Space Acquisition Needs Improvements

Space Acquisition Needs Improvements

Josh Hartman, a former congressional staffer and Department of Defense (DOD) acquisition official, believes “we need to change what we buy and how we buy it” to meet DOD space requirements.

Now a principal at the Center for Strategic Space Studies (CS3), Hartman made the comments in opening a meeting sponsored by CS3 and the Space Foundation on Capitol Hill on Thursday. Hartman said the goal of the meeting was to start a government-industry dialogue on how to make that happen.

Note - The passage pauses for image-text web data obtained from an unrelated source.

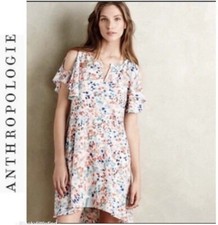 Maeve Anthropologie Watercolor Dot Shift lined Dress XS
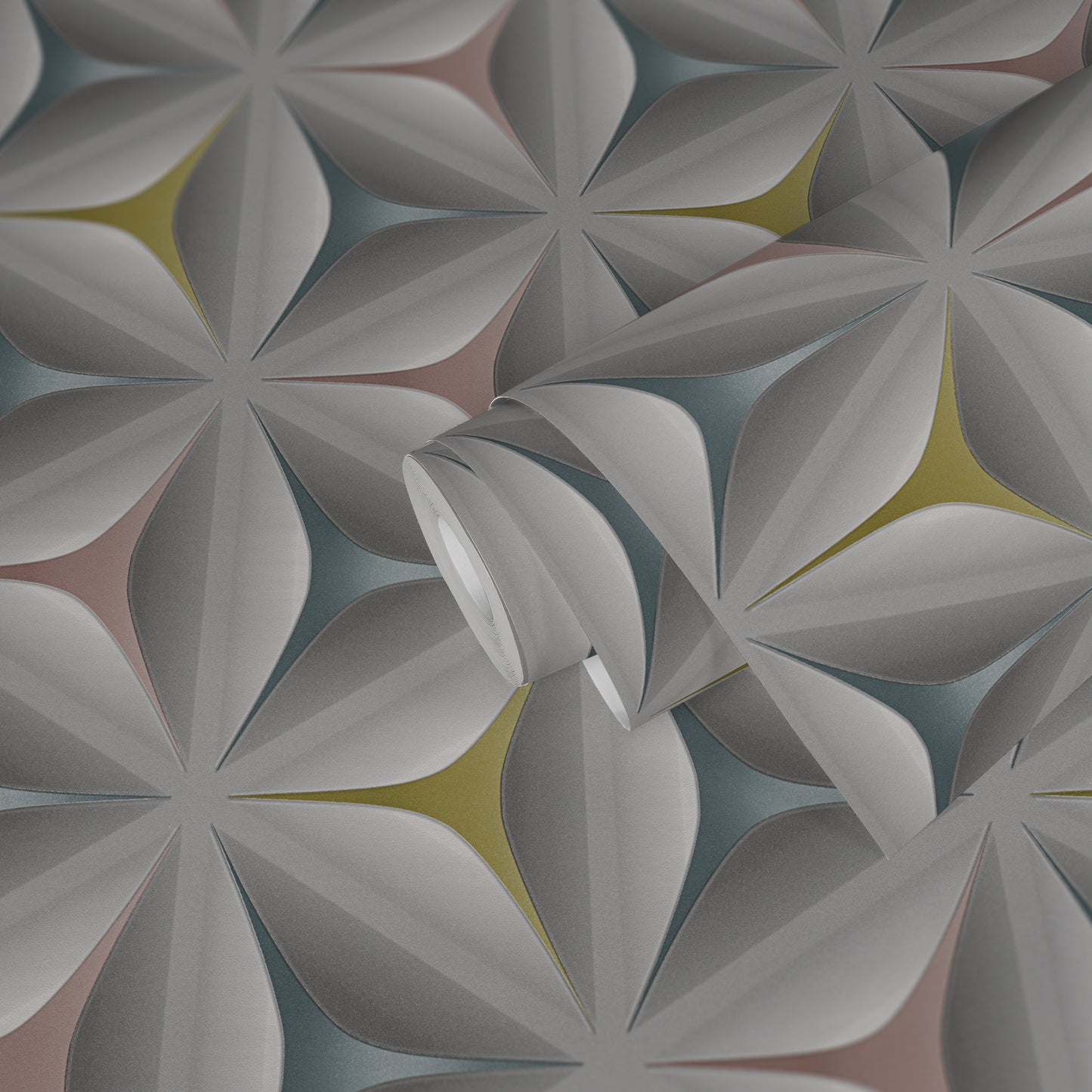 Scandinavian 2 Geometrische Vliestapete Grau Rosa Gelb 10,05 m x 0,53 m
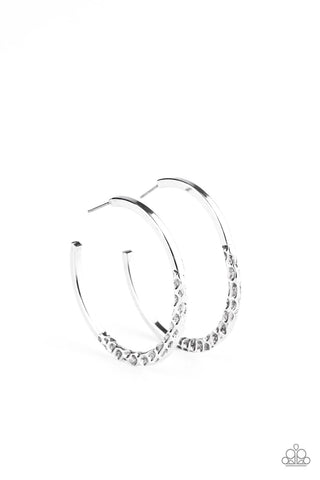 Imprinted Intensity - Silver Earring Hoop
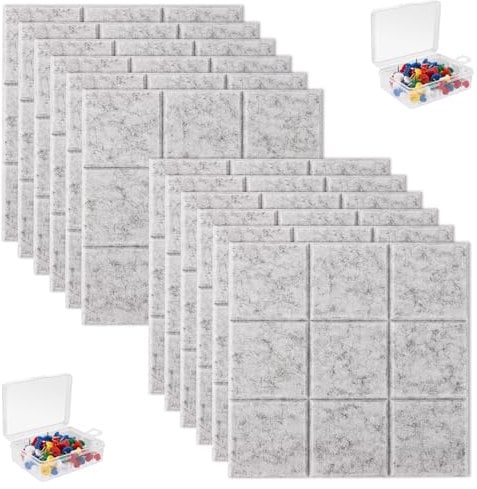 Oungy 12 Pcs Felt Board Tiles, 30x30cm Self Adhesive Felt Pin Board with pins, Large Felt Bulletin Board Notice Board for Home, Office, Silver Grey Felt Cork Board with 100pcs Push Pins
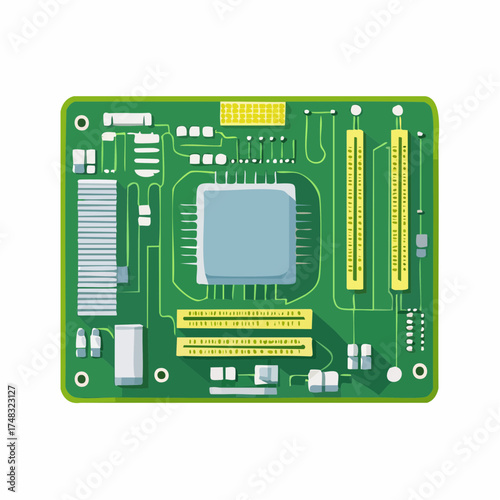 Modern Technology Motherboard Vector Isolated on White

Under Secretary of the Air Force Erin Conaton, herself a former Hill staffer, made the keynote address and said she welcomed the opportunity to engage in that dialogue. Recounting the difficult financial straits in which the government finds itself today, she made clear that the Air Force would not be exempt from the constrained budgets that lie ahead. The only question is how limited they will be and how to juggle all the competing demands within the Air Force. Space activities are up against major force modernization programs such as the F-35 and ICBMs, she pointed out.

Conaton is one of the architects of the proposed Evolutionary Acquisition for Space Efficiency (EASE) strategy to change the way DOD acquires space systems. On Thursday, she focused on the need to use block buys in order to provide stability to prime contractors, to improve systems incrementally instead of looking “for the next best thing,” and to encourage and demand better prices for the taxpayers. EASE “is not the answer to everything,” she said, but it can “help on the industrial and cost profile” issues.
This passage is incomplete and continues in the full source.